La Place des Arts a approché Connor Lafortune pour lui offrir sa première exposition en solo. Il avait déjà collaboré avec la Galerie du Nouvel-Ontario, mais c’était dans le cadre d’expositions collectives. Il était, par contre, connu dans des cercles de la ville pour sa poésie orale, assure M. Pelletier.

Un lien à travers les générations 

Suzanne Rondeau avait déjà entendu parler de l’artiste, mais elle ne le connaissait pas vraiment. C’est l’intitulé de l’exposition qui l’a attiré. 

«Je me suis dis, là, il faut vraiment que j’aille voir et m’immerger dans ce qu’il a vécu. Les gens des Premières Nations ont une belle sagesse. Une belle façon d’entrevoir la vie. Nous devrions adopter davantage leur philosophie de la vie et leur rapport à la nature», indique-t-elle. 

Solange et Laurent Vaillancourt

Photo : Mehdi Mehenni

La poésie de Connor Lafortune a marqué Suzanne Rondeau. Le lien qu’il tisse à travers les générations de sa Nation, par le pouvoir des mots. «Cela nous renvoie tout le mal que nous avons fait aux Premières Nations, pour empêcher l’expression de leur culture…», regrette-t-elle. 
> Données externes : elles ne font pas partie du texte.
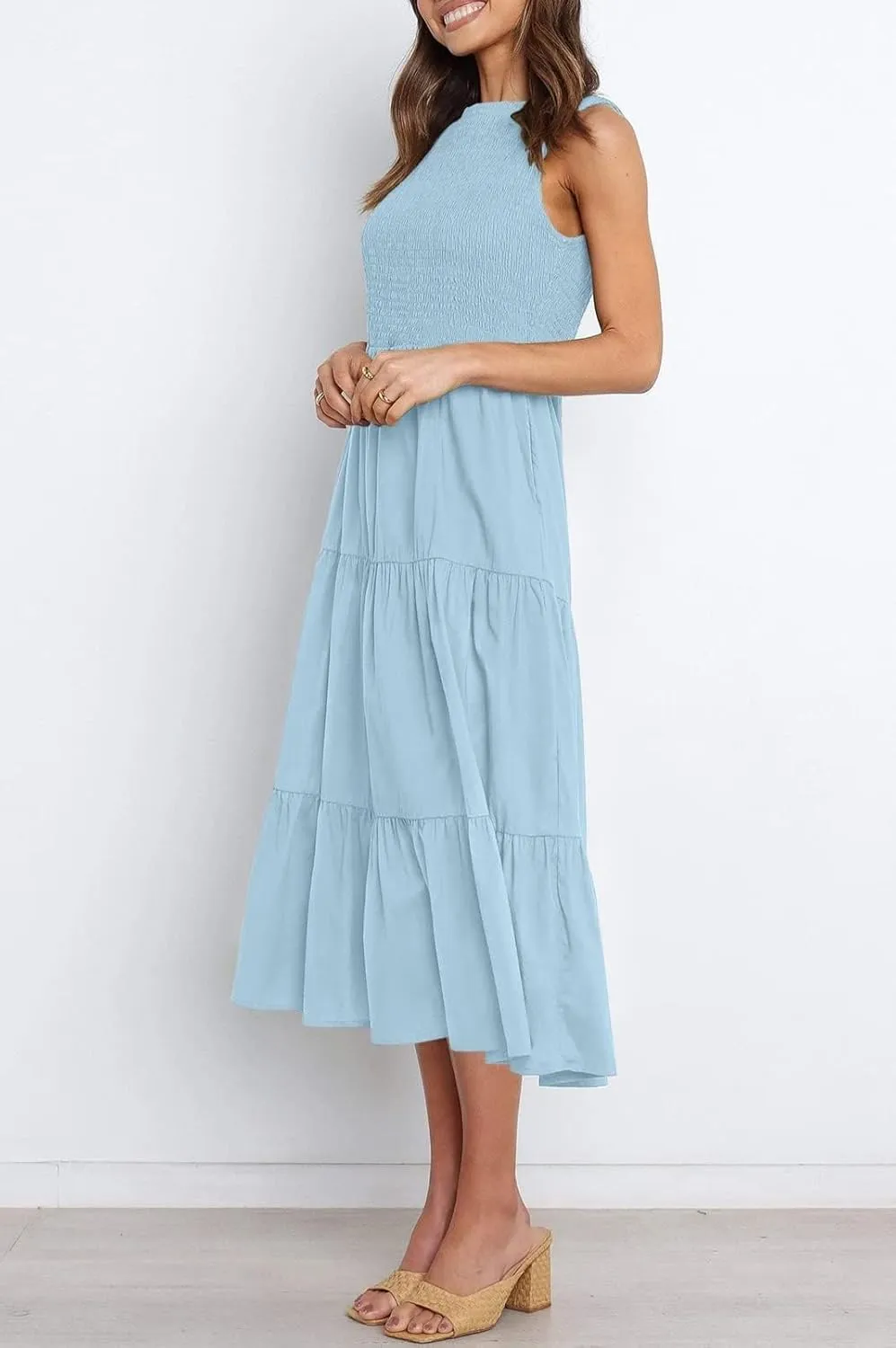 ZESICA Women's Summer Casual Sleeveless Crew Neck Smocked High Waist Flowy Tiered A Line Midi Dress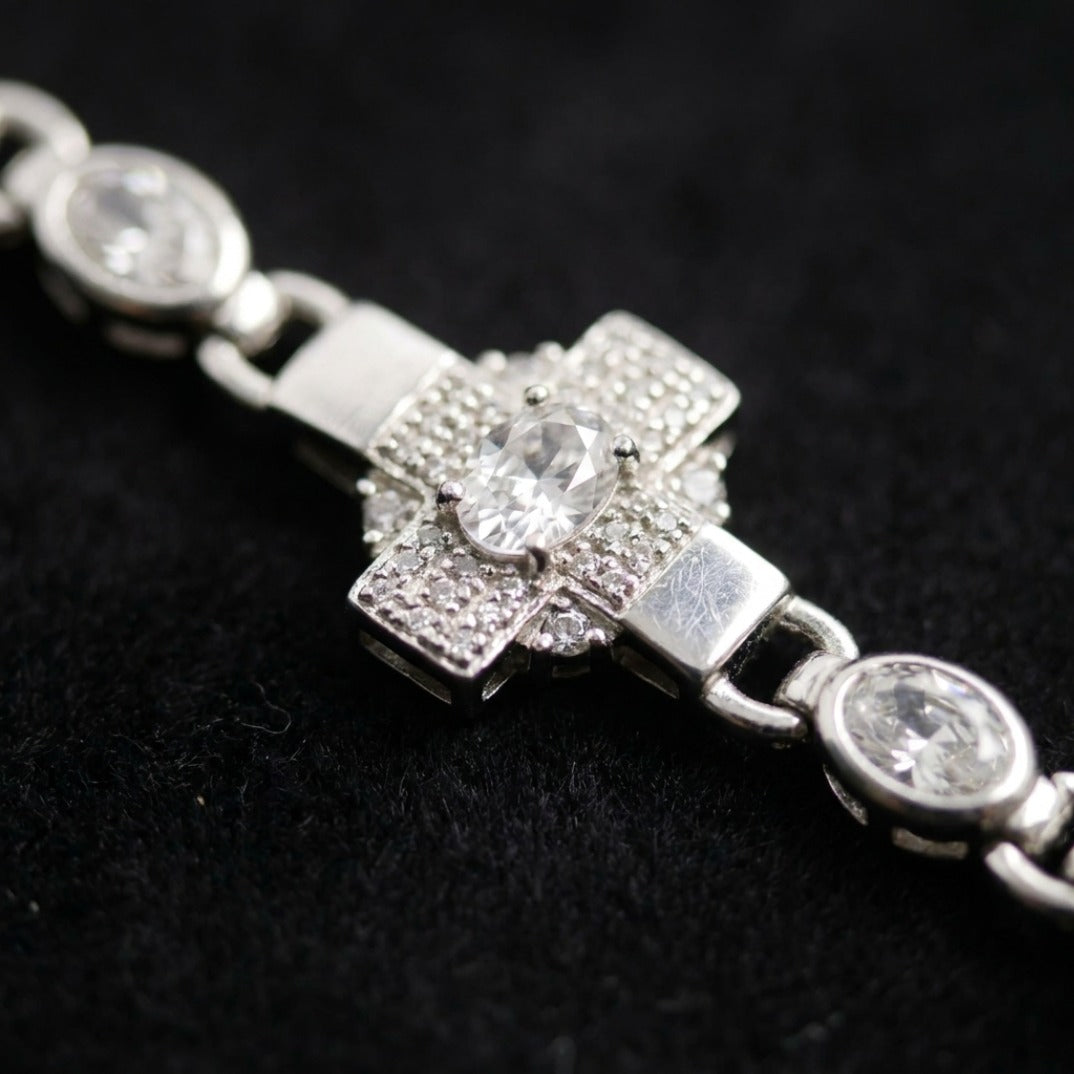 Pavé Diamond Cross Station Tennis Bracelet In Sterling Silver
Solange Vaillancourt vient de Hearst. Elle est artiste et a été professeure d’arts visuels au secondaire, dans les années 1970. Elle était à Sudbury pour seulement quelques jours. La dernière fois qu’elle était venue, c’était il y a 25 ans. Elle accompagne son frère, l’artiste visuel multidisciplinaire Laurent Vaillancourt. 

«Nous avons entendu parler de l’exposition à Radio-Canada, pendant que nous étions sur la route. C’est la première fois aussi que nous visitons la Place des Arts. J’aime beaucoup la culture autochtone. La poésie de Connor Lafortune, que je ne connaissais pas, me fait rappeler le roman de Michel Jean, Kukum (lauréat du Prix littéraire France-Québec 2020)», a-t-elle souligné. 

Diane Labelle et son amie Corinne Pastoret

Photo : Mehdi Mehenni

L’artiste, son public et les organisateurs étaient partis lorsque Diane Labelle et son amie Corinne Pastoret s’attardaient encore devant la toile géante. Seuls les employés du Bistro étaient encore présents. 

«Peu importe que ce soit une photo, une carte postale, le nom d’une rue, le nom d’une école, il faut laisser sa trace dans la vie. Et Connor Lafortune le fait bien. Les traces de ses pas sur la toile me parlent. Ce n’est pas seulement physique. Ça contient des valeurs», lance Diane Labelle. 

Corinne Pastoret a elle aussi son interprétation des pas imprimés sur la toile : «Je vois les pas comme les différents chemins que nous aurions pu suivre dans notre vie ou comme les différentes vies que nous aurions pu avoir. Toutes avec des couleurs différentes, comme on aurait pu être heureux ou malheureux dans sa vie…».